(Records from a data source)
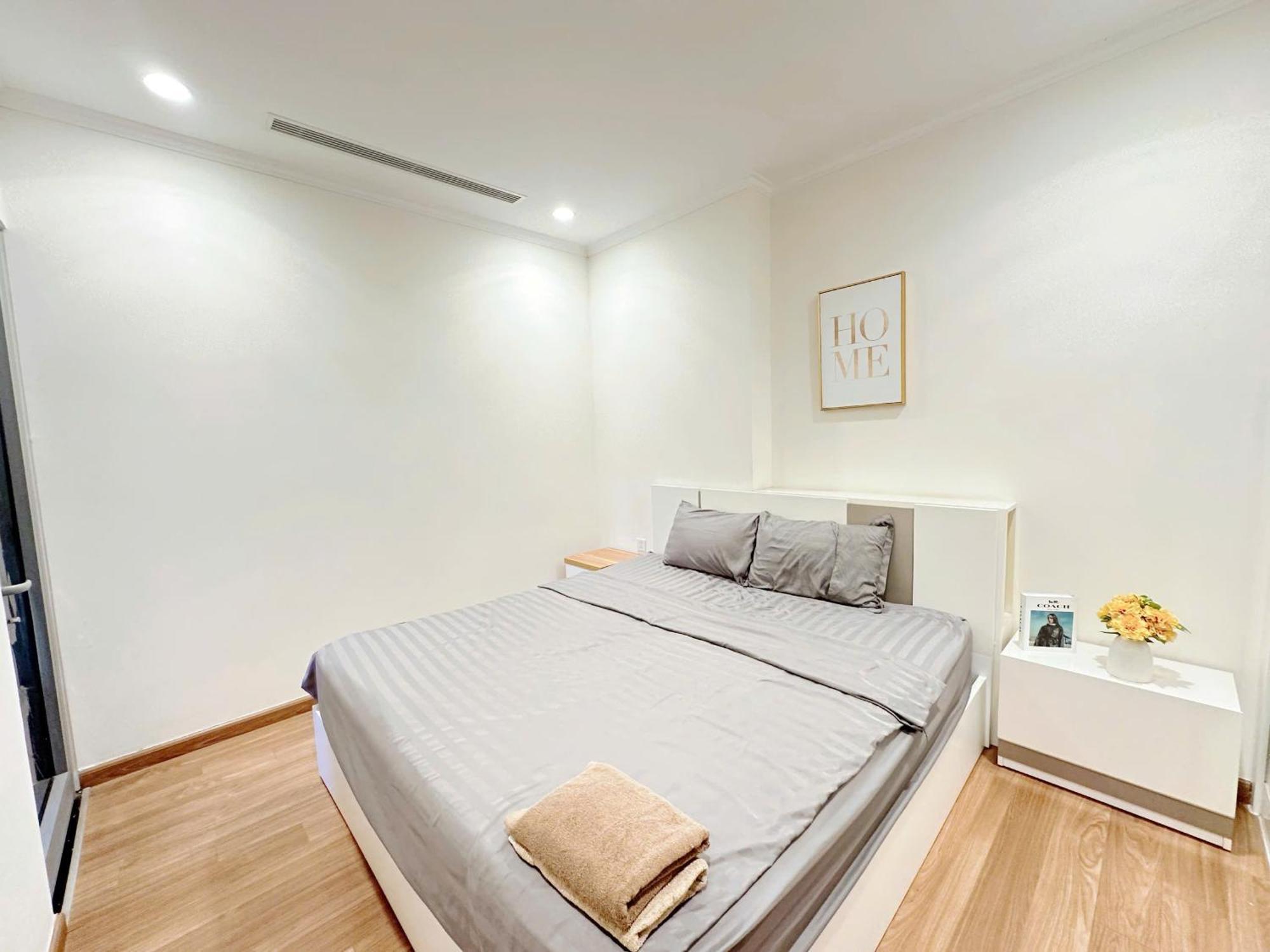 Serviced Apartment-timescity Complex Self Checkin Apartment Hanoi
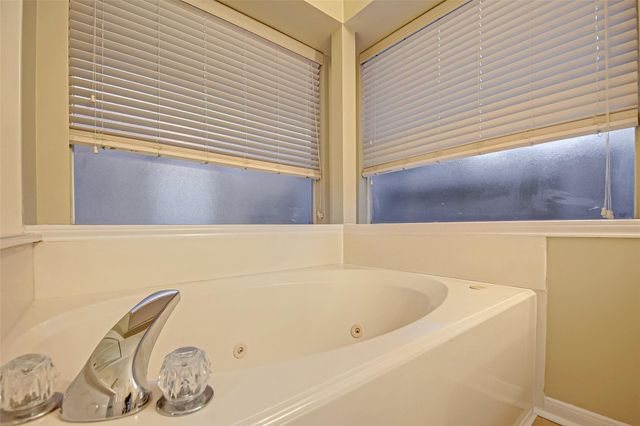 4611 Summer Lakes, Sugar Land, TX 77479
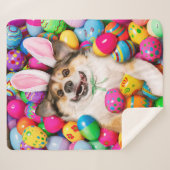 Dog Laying on Easter Eggs シェルパブランケット (正面(横))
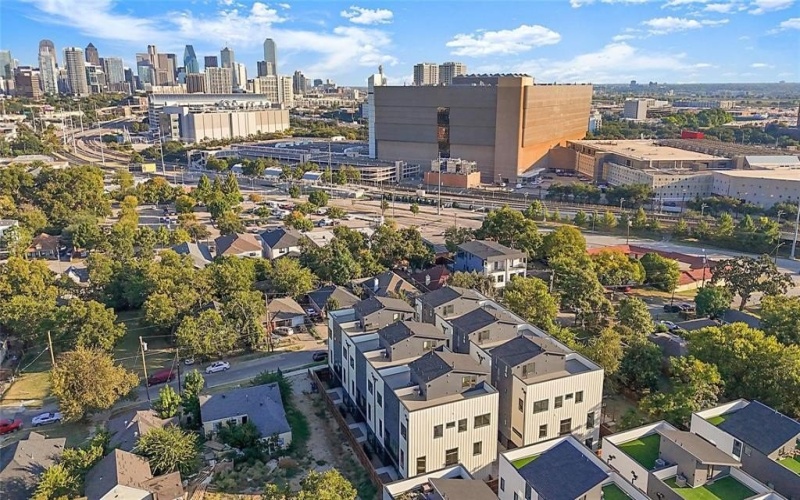 2203 Hondo Avenue #105, Dallas, TX 75219, 3 Bedrooms Bedrooms, ,3 BathroomsBathrooms,Residential,For Sale,2203 Hondo Avenue,0,21171042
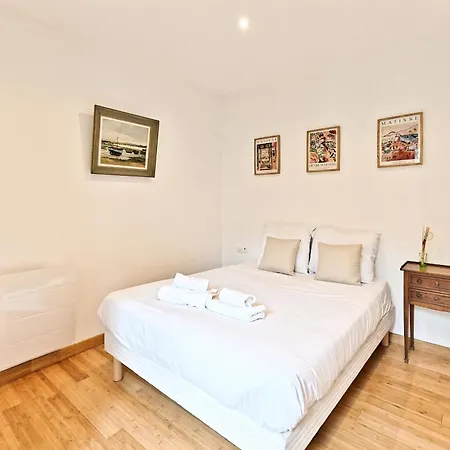 Grand Studio 18eme Arrondissement - Chapelle Apartamento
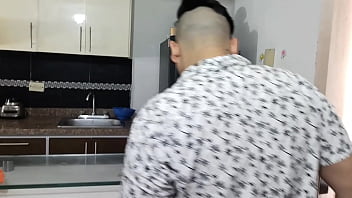 Preview 1 of Fuck Husband Friend Xvideos - QUE RICO ME FOLLA EL PLOMERO (PARTE 1)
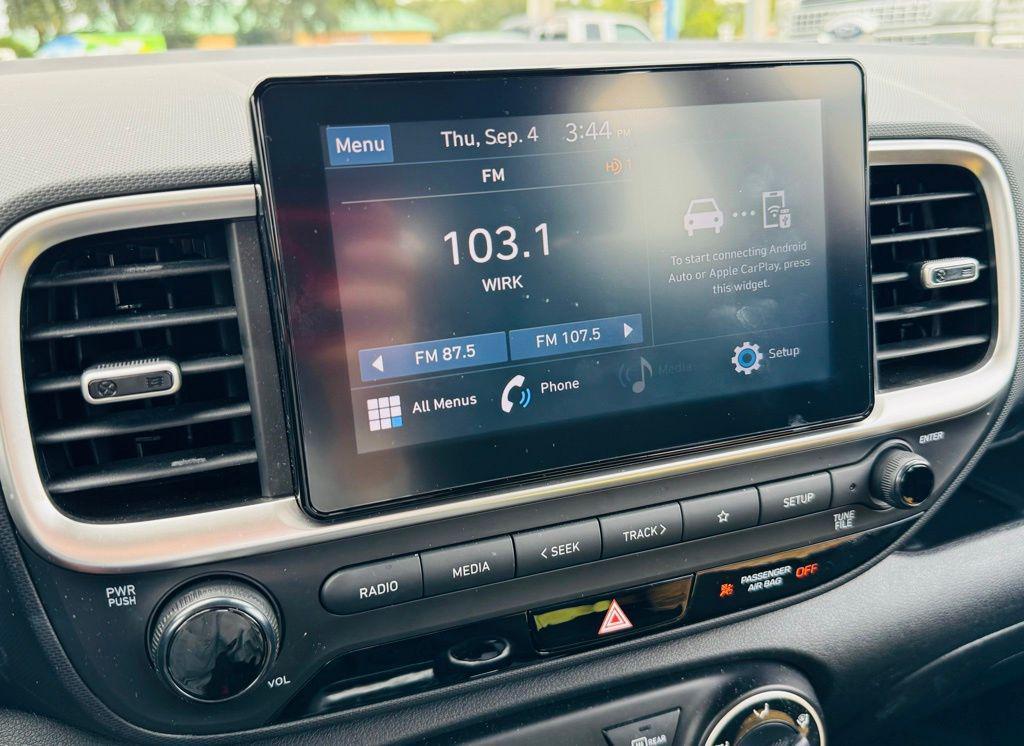 used 2021 Hyundai Venue car, priced at $14,990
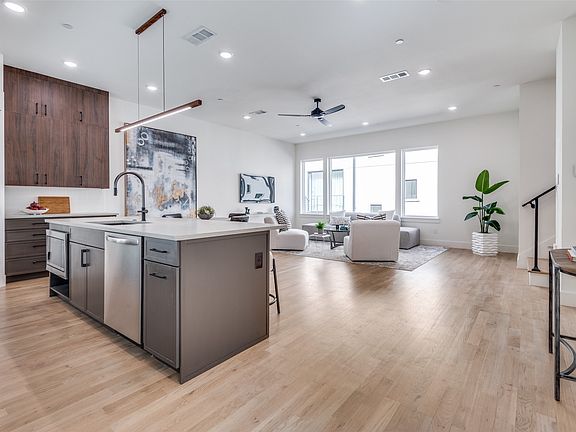 3rd image of 2908 Hawthorne Ave #104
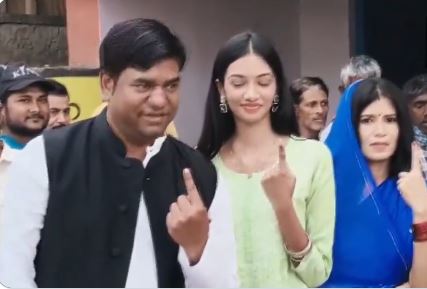 Mukesh Sahani Voting Photo, Mukesh Sahani Bihar Election 2025, VIP Chief Mukesh Sahani with Family, Mukesh Sahani Vote Appeal, Bihar Election Mukesh Sahani Statement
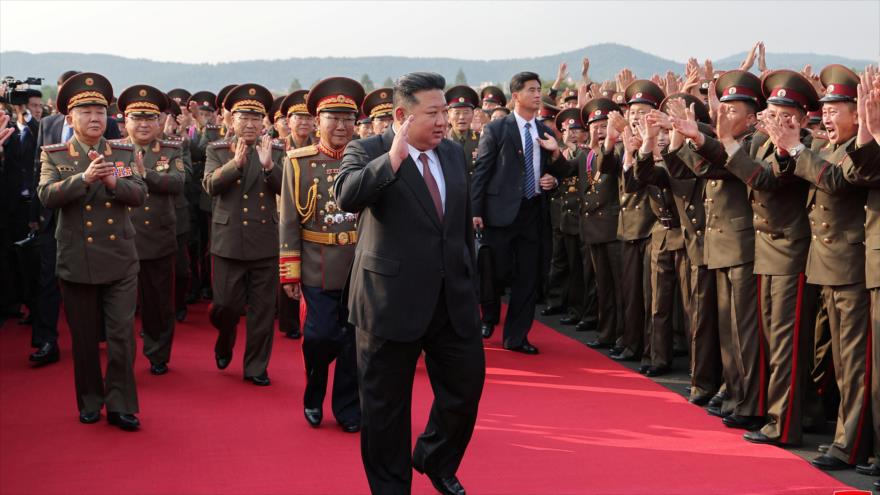 El líder norcoreano, Kim Jong-un, visita la Universidad Nacional de Defensa en Pyongyang, 7 de octubre de 2024. (Foto: KCNA)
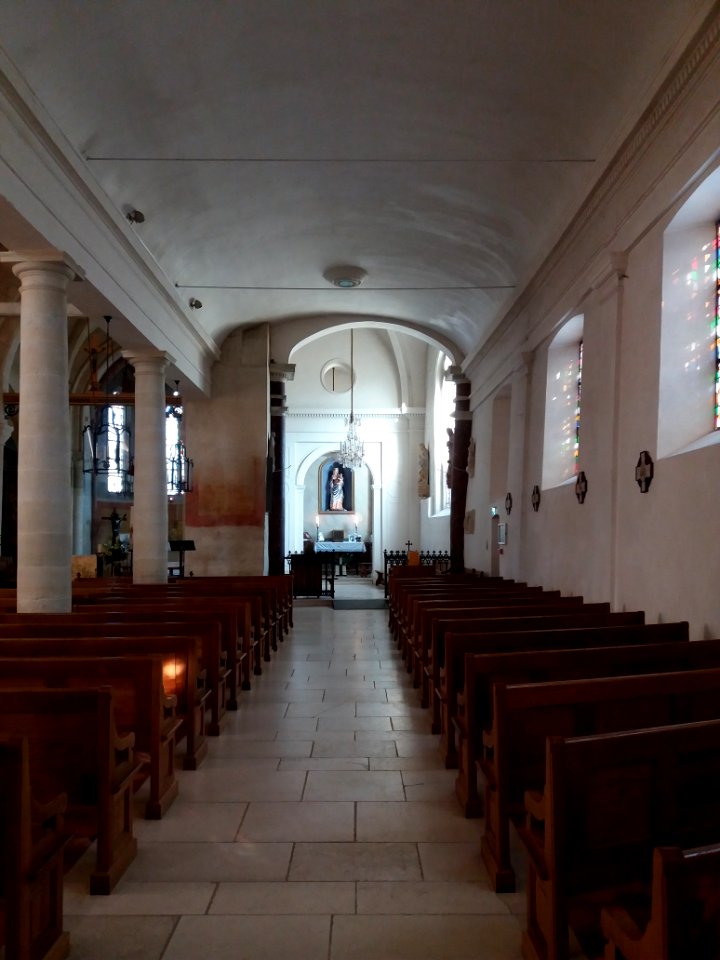Plaisir - église Saint-Pierre - Nef latérale et chapelle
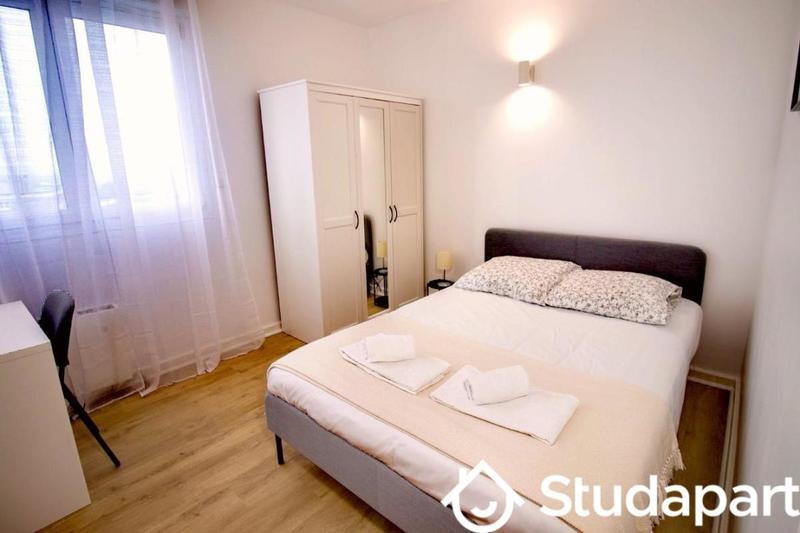 Chambre - 9 m² - 1 pièce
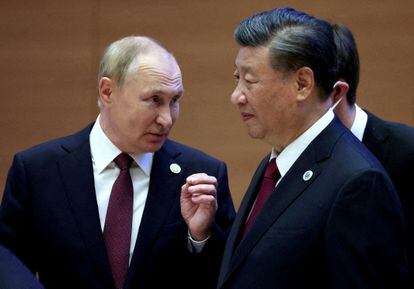 Russian President Vladimir Putin speaks with Chinese President Xi Jinping before an extended-format meeting of heads of the Shanghai Cooperation Organization summit (SCO) member states in Samarkand, Uzbekistan September 16, 2022.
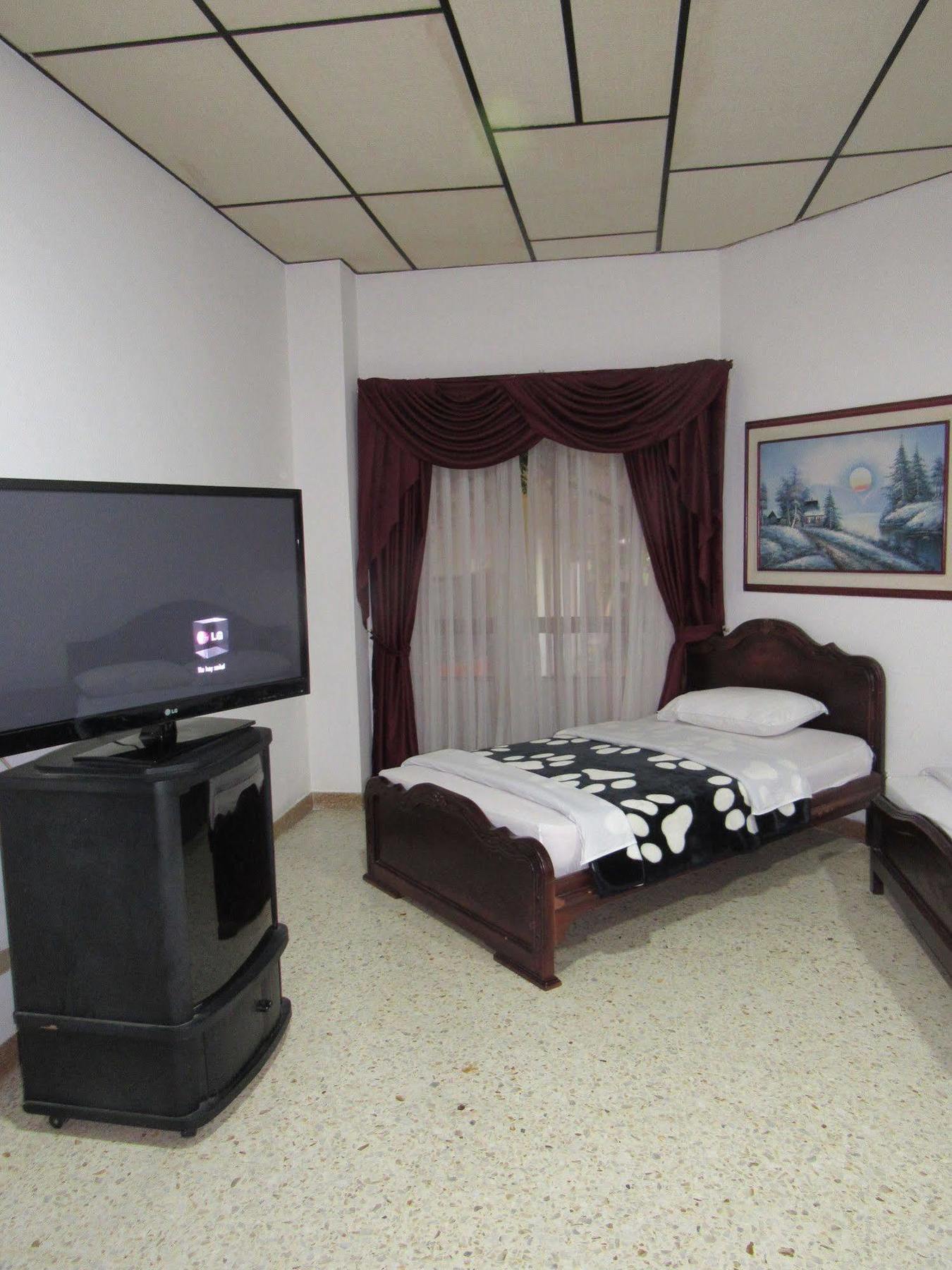 Hotel Ejecutivo 佩雷拉 外观 照片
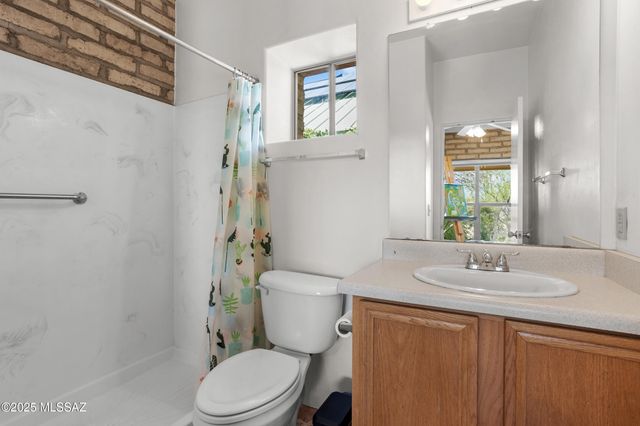 3003 N Gaia Place, Tucson, AZ 85745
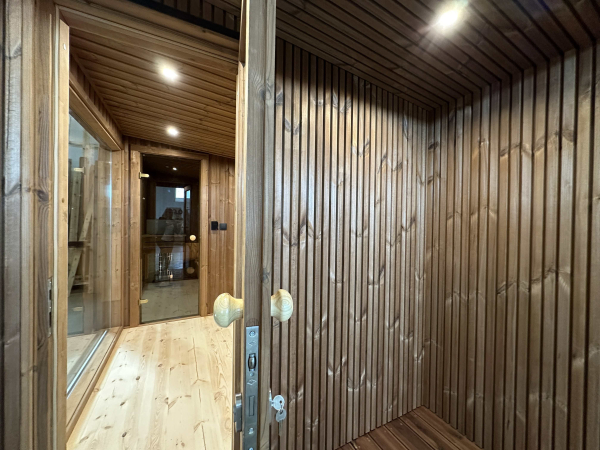 LUXURY-Modern Sauna 2,3 x 5,4 m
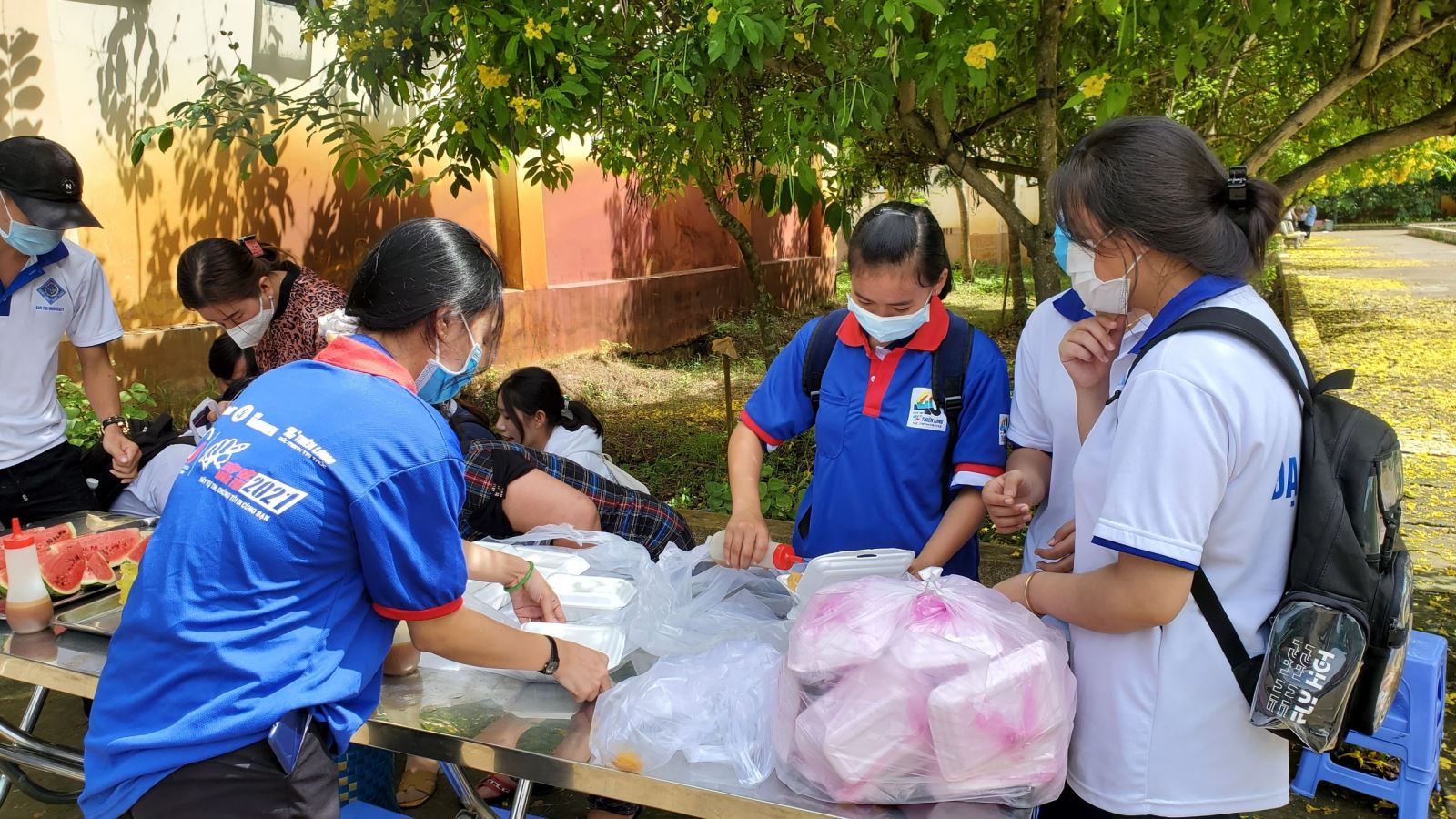 Thầy cô giáo cùng lực lượng tình nguyện viên chuẩn bị cơm trưa cho các thí sinh tại điểm trường THPT Phan Văn Trị, huyện Phong Điền, Cần Thơ.
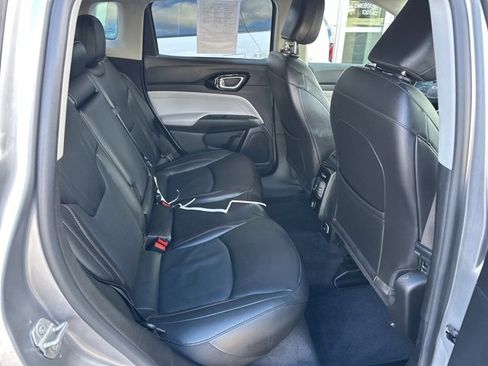Used 2022 Jeep Compass Limited image 34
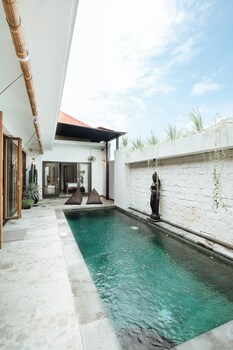 villa clove cemagi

About this task. Leaving the pictures aside, give back all the records exactly as they are.

Answer below.
 Serviced Apartment-timescity Complex Self Checkin Apartment Hanoi
 4611 Summer Lakes, Sugar Land, TX 77479
 Dog Laying on Easter Eggs シェルパブランケット (正面(横))
 2203 Hondo Avenue #105, Dallas, TX 75219, 3 Bedrooms Bedrooms, ,3 BathroomsBathrooms,Residential,For Sale,2203 Hondo Avenue,0,21171042
 Grand Studio 18eme Arrondissement - Chapelle Apartamento
 Preview 1 of Fuck Husband Friend Xvideos - QUE RICO ME FOLLA EL PLOMERO (PARTE 1)
 used 2021 Hyundai Venue car, priced at $14,990
 3rd image of 2908 Hawthorne Ave #104
 Mukesh Sahani Voting Photo, Mukesh Sahani Bihar Election 2025, VIP Chief Mukesh Sahani with Family, Mukesh Sahani Vote Appeal, Bihar Election Mukesh Sahani Statement
 El líder norcoreano, Kim Jong-un, visita la Universidad Nacional de Defensa en Pyongyang, 7 de octubre de 2024. (Foto: KCNA)
Plaisir - église Saint-Pierre - Nef latérale et chapelle
 Chambre - 9 m² - 1 pièce
 Russian President Vladimir Putin speaks with Chinese President Xi Jinping before an extended-format meeting of heads of the Shanghai Cooperation Organization summit (SCO) member states in Samarkand, Uzbekistan September 16, 2022.
 Hotel Ejecutivo 佩雷拉 外观 照片
 3003 N Gaia Place, Tucson, AZ 85745
 LUXURY-Modern Sauna 2,3 x 5,4 m
 Thầy cô giáo cùng lực lượng tình nguyện viên chuẩn bị cơm trưa cho các thí sinh tại điểm trường THPT Phan Văn Trị, huyện Phong Điền, Cần Thơ.
Used 2022 Jeep Compass Limited image 34
 villa clove cemagi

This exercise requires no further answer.